→ **WHAT IS EXPECTED**
Extract each line holding the word "view" from the entries.

→ **PROVIDED DATA**

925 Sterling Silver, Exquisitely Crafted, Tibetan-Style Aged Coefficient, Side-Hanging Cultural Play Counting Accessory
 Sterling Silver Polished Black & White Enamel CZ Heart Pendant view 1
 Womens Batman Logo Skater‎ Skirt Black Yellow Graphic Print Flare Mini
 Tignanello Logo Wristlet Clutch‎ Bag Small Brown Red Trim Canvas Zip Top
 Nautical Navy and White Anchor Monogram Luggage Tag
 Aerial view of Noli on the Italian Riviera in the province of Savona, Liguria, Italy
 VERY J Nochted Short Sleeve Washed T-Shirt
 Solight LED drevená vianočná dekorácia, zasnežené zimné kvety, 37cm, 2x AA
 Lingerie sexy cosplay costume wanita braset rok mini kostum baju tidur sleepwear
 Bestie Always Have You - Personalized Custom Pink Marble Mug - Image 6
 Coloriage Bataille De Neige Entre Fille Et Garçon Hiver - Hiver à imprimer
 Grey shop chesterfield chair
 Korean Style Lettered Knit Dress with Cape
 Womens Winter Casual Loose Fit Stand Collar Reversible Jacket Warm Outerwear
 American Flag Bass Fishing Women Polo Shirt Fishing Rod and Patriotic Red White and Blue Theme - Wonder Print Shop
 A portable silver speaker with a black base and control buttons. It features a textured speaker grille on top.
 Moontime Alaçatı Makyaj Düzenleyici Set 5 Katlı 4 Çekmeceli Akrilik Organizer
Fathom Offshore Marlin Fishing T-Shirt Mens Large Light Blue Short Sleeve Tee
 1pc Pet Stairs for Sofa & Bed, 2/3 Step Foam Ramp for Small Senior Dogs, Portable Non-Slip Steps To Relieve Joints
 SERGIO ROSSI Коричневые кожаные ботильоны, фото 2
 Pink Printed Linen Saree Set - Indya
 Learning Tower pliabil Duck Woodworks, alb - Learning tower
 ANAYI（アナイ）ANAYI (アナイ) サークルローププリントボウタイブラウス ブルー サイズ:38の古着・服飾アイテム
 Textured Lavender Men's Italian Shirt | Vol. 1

→ **RESULT OF THIS TASK**
 Sterling Silver Polished Black & White Enamel CZ Heart Pendant view 1
 Aerial view of Noli on the Italian Riviera in the province of Savona, Liguria, Italy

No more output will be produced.